■ **DIRECTIONS**
For the material below, return exactly the lines starting at the one holding "新茶上市时，老茶客的品鉴会不请自来" and ending at the one holding "Dawn Atwell Nature", counting both as part of the range.

■ **SUPPLIED INFORMATION**
=======
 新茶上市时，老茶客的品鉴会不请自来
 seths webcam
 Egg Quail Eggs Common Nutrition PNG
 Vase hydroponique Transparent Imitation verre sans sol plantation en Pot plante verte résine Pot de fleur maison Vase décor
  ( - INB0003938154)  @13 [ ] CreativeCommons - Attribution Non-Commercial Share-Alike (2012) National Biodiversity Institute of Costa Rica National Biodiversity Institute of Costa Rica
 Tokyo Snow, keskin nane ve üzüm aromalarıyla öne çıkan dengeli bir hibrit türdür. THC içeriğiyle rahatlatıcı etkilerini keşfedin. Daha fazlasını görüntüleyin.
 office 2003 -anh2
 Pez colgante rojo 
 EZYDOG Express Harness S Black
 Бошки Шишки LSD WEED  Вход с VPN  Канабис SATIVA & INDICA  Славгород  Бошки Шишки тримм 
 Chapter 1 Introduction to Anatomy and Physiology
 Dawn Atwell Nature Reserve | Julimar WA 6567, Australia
=======
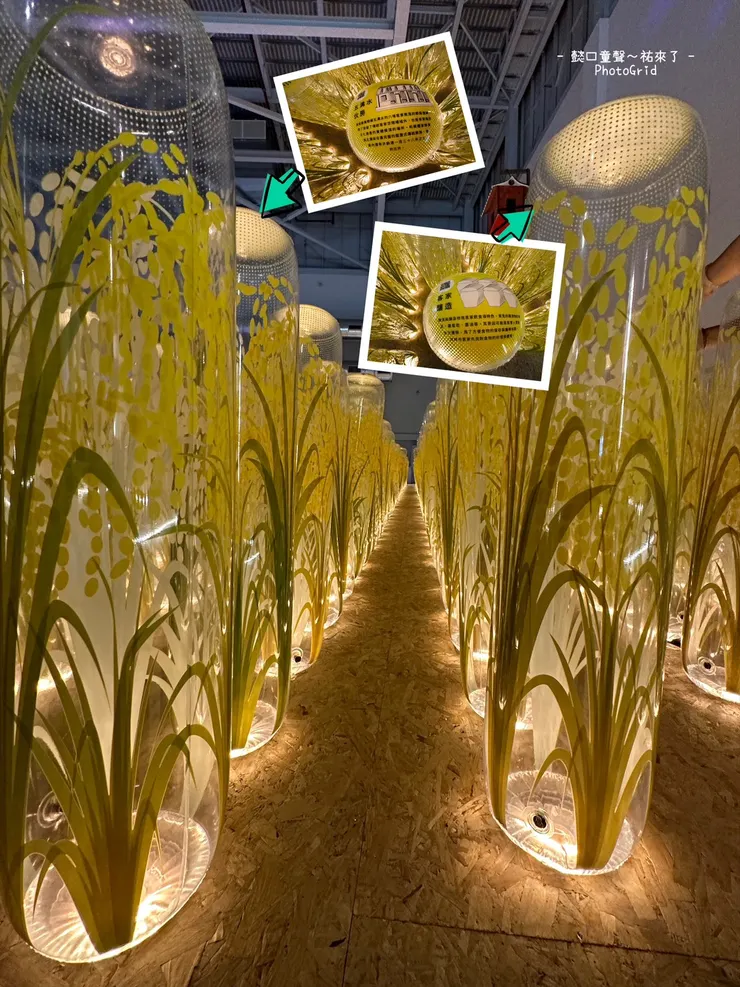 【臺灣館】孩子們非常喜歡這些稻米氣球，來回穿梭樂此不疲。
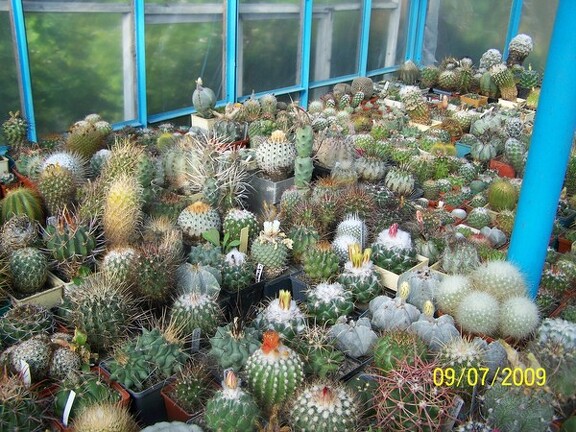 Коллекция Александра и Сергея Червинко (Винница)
=======
■ **ANSWER**
 新茶上市时，老茶客的品鉴会不请自来
 seths webcam
 Egg Quail Eggs Common Nutrition PNG
 Vase hydroponique Transparent Imitation verre sans sol plantation en Pot plante verte résine Pot de fleur maison Vase décor
  ( - INB0003938154)  @13 [ ] CreativeCommons - Attribution Non-Commercial Share-Alike (2012) National Biodiversity Institute of Costa Rica National Biodiversity Institute of Costa Rica
 Tokyo Snow, keskin nane ve üzüm aromalarıyla öne çıkan dengeli bir hibrit türdür. THC içeriğiyle rahatlatıcı etkilerini keşfedin. Daha fazlasını görüntüleyin.
 office 2003 -anh2
 Pez colgante rojo 
 EZYDOG Express Harness S Black
 Бошки Шишки LSD WEED  Вход с VPN  Канабис SATIVA & INDICA  Славгород  Бошки Шишки тримм 
 Chapter 1 Introduction to Anatomy and Physiology
 Dawn Atwell Nature Reserve | Julimar WA 6567, Australia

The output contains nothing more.